LlmAssert.JudgeAsync lets you assert that text satisfies a criterion, judged by an LLM. This replaces fragile regex or substring checks with natural-language criteria:
// Assert against a ChatResponse
await LlmAssert.JudgeAsync(
judge: fixture.ChatClient,
response: chatResponse,
criterion: "Does the response include a numbered list of at least 3 items?",
modelId: "claude-haiku-4-5-20251001");
// Assert against raw text
await LlmAssert.JudgeAsync(
judge: fixture.ChatClient,
text: "The quick brown fox jumps over the lazy dog.",
criterion: "Does this sentence contain every letter of the English alphabet?",
modelId: "claude-haiku-4-5-20251001");Extension methods provide a more readable alternative:
await response.ShouldSatisfyAsync(
fixture.ChatClient,
"Does the response read like a professional email?",
"claude-haiku-4-5-20251001");
await "Hello, world!".ShouldSatisfyAsync(
fixture.ChatClient,
"Is this a greeting?",
"claude-haiku-4-5-20251001");Set a default model to avoid repeating the model ID in every assertion:
LlmAssert.DefaultModelId = "claude-haiku-4-5-20251001";
// Now you can omit the modelId parameter
await LlmAssert.JudgeAsync(
fixture.ChatClient,
response,
"Does this answer the user's question?");| Scenario | API key available? | Cache exists? | Behavior |
|---|---|---|---|
| Local dev | Yes | No | Calls API, saves snapshot |
| Local dev | Yes | Yes | Returns cached response |
| Local dev | No | Yes | Returns cached response |
| Local dev | No | No | Test is skipped |
| CI | Yes | — | Always calls API, saves snapshot |
Cache keys are SHA-256 hashes of the system instructions, messages, and model ID. Changing any of these invalidates the cache and triggers a fresh API call.

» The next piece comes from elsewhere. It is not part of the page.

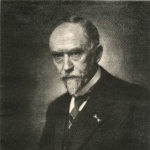 Gustaaf Molengraaff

Snapshots are stored at .llm-cache/{TestClass}/{TestMethod}_{hash}.json.
The package automatically detects these CI environments: GitHub Actions, GitLab CI, CircleCI, Travis CI, Bitbucket Pipelines, AppVeyor, Azure Pipelines, Jenkins, TeamCity, and AWS CodeBuild.
In CI, the live IChatClient is always used (no caching layer), so your tests validate against real, up-to-date LLM output.